De plus, le chant des oiseaux, avec sa complexité et sa diversité, ressemble à certains égards au langage parlé. Mais l’anatomie des oiseaux, notamment leur appareil vocal, est très différente de la nôtre, ce qui rend difficile l’établissement de liens directs entre le chant des oiseaux et l’évolution du langage humain. Il manquait jusqu’à présent un élément pour comprendre la survenue de cette faculté chez nous.

Les conclusions des chercheurs chez les orangs-outans apportent une nouvelle perspective à cette question. Les grands singes, dont nous sommes les plus proches parents sur le plan évolutif, partagent une anatomie vocale plus similaire à la nôtre. Le fait que ces primates soient capables de produire deux sons simultanément suggère que cette capacité vocale complexe fait partie du répertoire des grands singes, donc chez nos ancêtres communs.

Il est crucial de ne pas ignorer les liens évolutifs entre les humains et les autres primates dans notre quête pour comprendre l’origine et l’évolution du langage humain.

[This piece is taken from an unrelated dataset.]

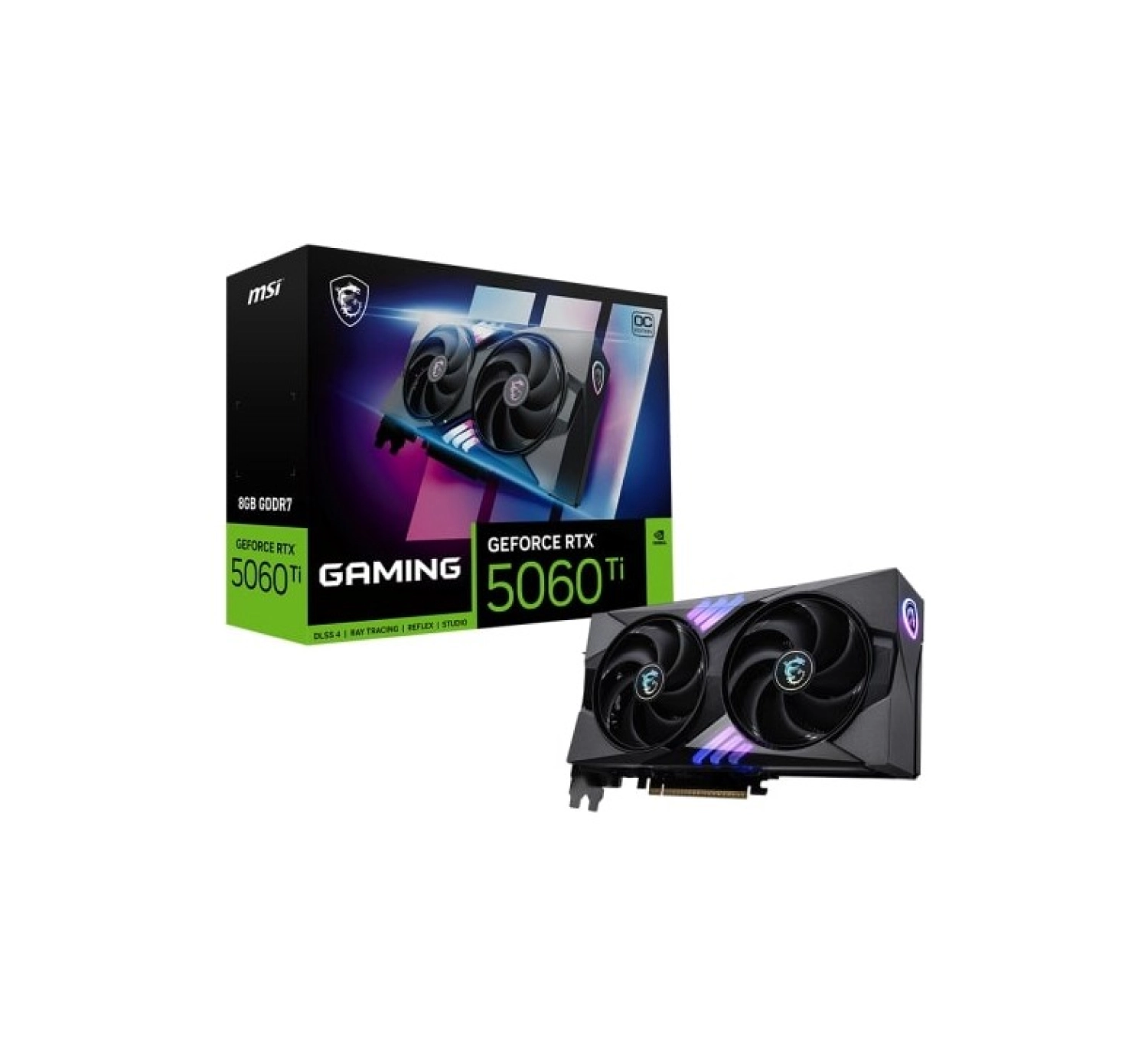 Msi Vga Geforce Rtx 5060 Ti 8G Gaming Oc Rtx5060Ti 8Gb Gddr7 128B Dx12 Pcie 5.0 X16 ürün görseli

Un appel à la conservation des grands singes

La révélation de la biphonation chez les orangs-outans met en exergue l’importance de la conservation de ces animaux. Ils sont une source précieuse d’informations sur notre propre histoire évolutive. Cependant, les orangs-outans sont aujourd’hui une espèce en danger critique d’extinction, principalement en raison de la déforestation et du braconnage. Leur disparition serait non seulement une tragédie en soi, mais signifierait également la perte d’une partie de notre histoire. Il est donc capital de mettre en place des mesures pour protéger ces animaux et leur habitat.

Cela comprend la mise en œuvre de politiques de conservation efficaces, la lutte contre le commerce illégal d’animaux sauvages et la promotion de pratiques durables dans l’industrie de l’huile de palme, qui est l’une des principales causes de la déforestation dans les habitats des orangs-outans. En outre, la recherche sur les orangs-outans et d’autres grands singes doit être soutenue et encouragée, car elle peut nous aider à comprendre non seulement ces animaux eux-mêmes, mais aussi notre propre espèce et notre place dans le monde naturel.